Work item: Word for word, return the lines below from the first through the line that has "Silver Pearl Star Earrings", dropping the pictures.

==================================================

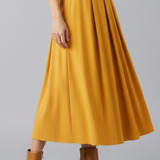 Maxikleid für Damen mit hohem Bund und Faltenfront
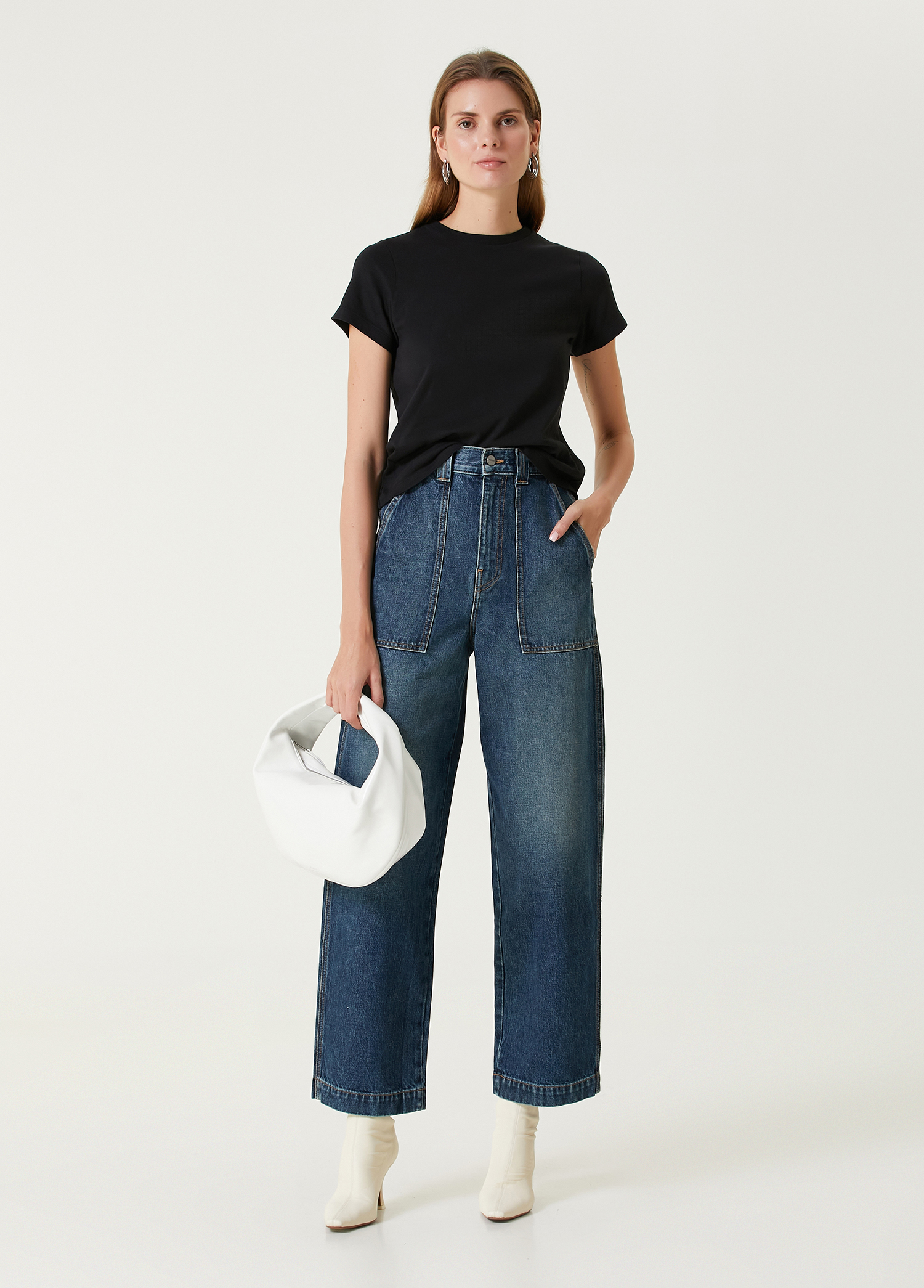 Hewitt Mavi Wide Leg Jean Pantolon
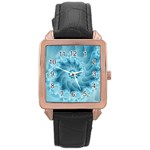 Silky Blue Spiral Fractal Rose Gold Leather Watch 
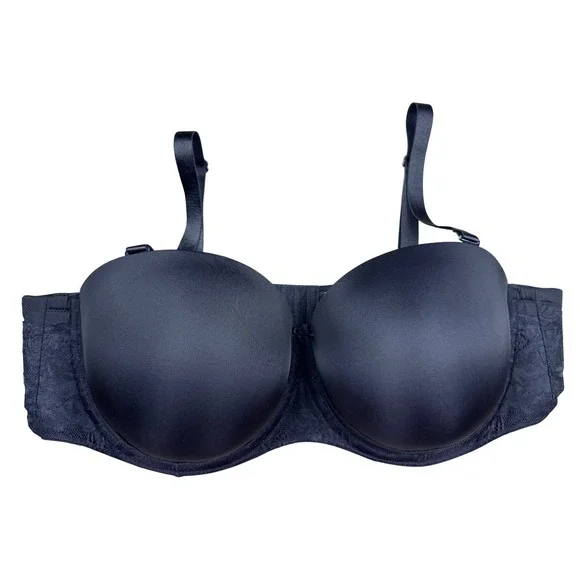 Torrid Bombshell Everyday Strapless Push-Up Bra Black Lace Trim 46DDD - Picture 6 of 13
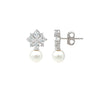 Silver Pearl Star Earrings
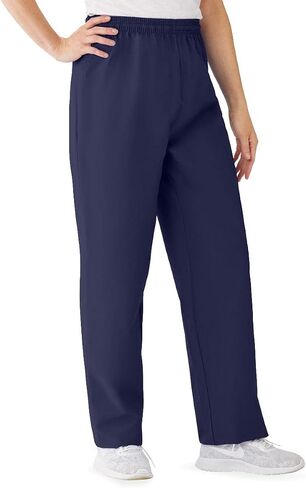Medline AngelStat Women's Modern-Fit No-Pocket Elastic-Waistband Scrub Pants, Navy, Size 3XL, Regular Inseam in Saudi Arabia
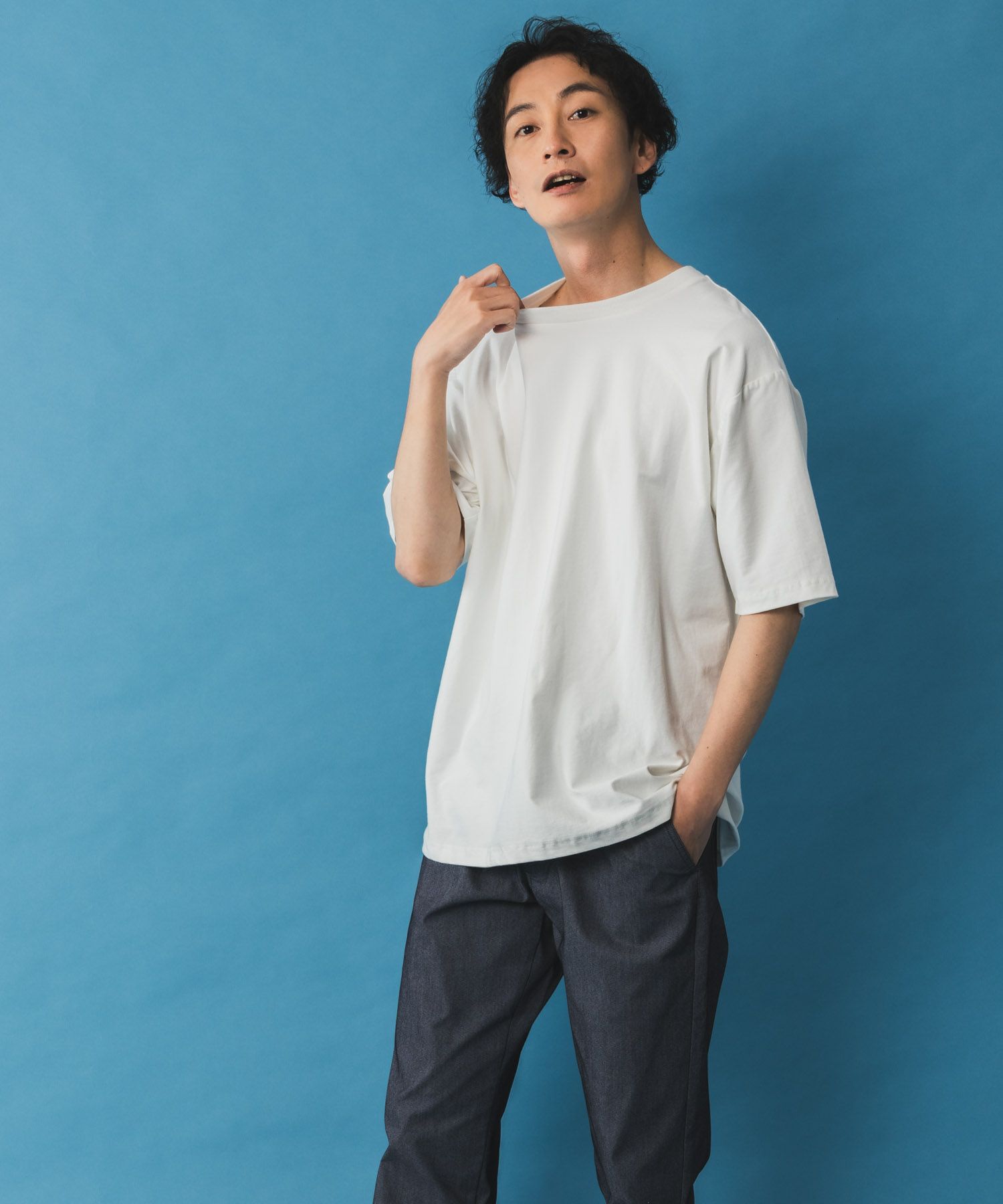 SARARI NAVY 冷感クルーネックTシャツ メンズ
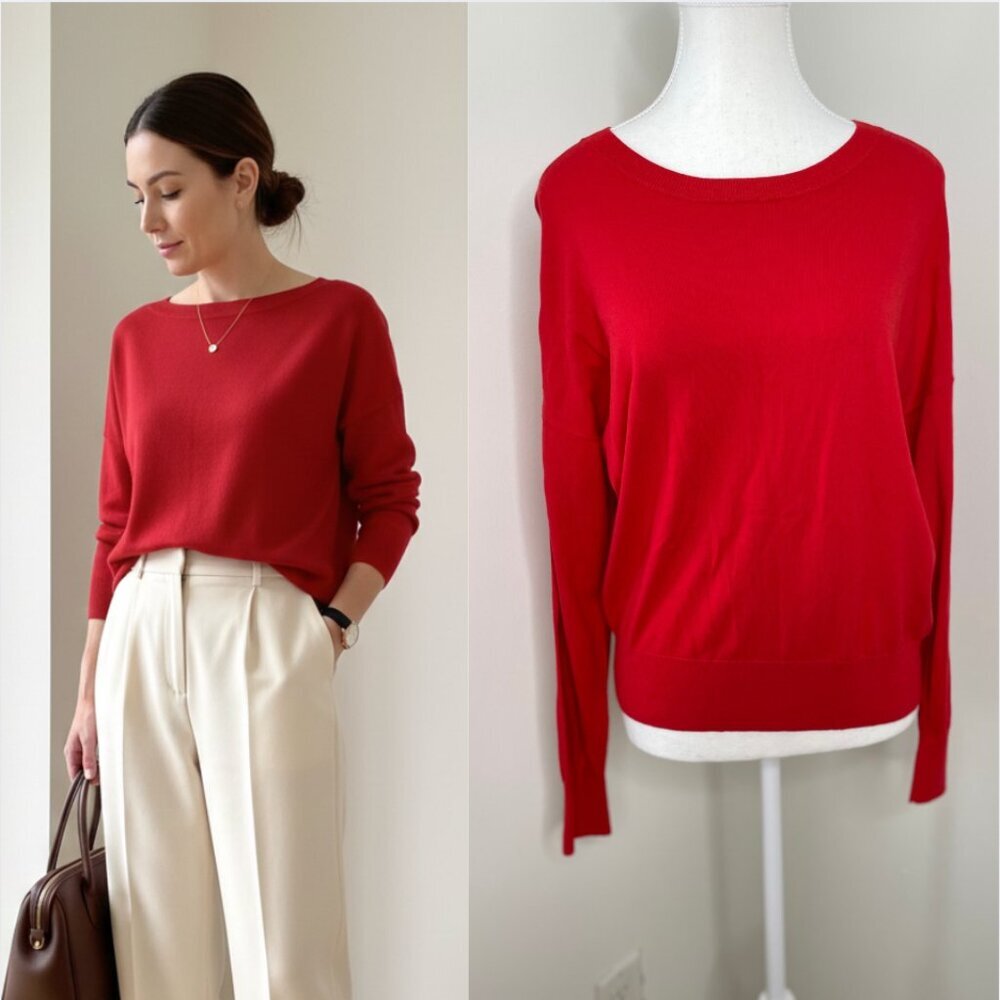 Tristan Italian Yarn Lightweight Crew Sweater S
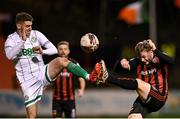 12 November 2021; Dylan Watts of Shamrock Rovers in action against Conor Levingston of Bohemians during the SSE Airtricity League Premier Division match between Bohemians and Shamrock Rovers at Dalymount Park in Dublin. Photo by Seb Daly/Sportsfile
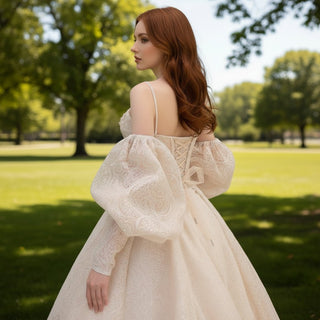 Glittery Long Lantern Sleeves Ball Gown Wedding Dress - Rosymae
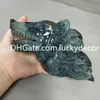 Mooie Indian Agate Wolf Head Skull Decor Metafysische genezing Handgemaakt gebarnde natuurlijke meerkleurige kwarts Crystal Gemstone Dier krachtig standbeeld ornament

==================================================

Answer to the problem:
 Maxikleid für Damen mit hohem Bund und Faltenfront
 Hewitt Mavi Wide Leg Jean Pantolon
 Silky Blue Spiral Fractal Rose Gold Leather Watch 
 Torrid Bombshell Everyday Strapless Push-Up Bra Black Lace Trim 46DDD - Picture 6 of 13
 Silver Pearl Star Earrings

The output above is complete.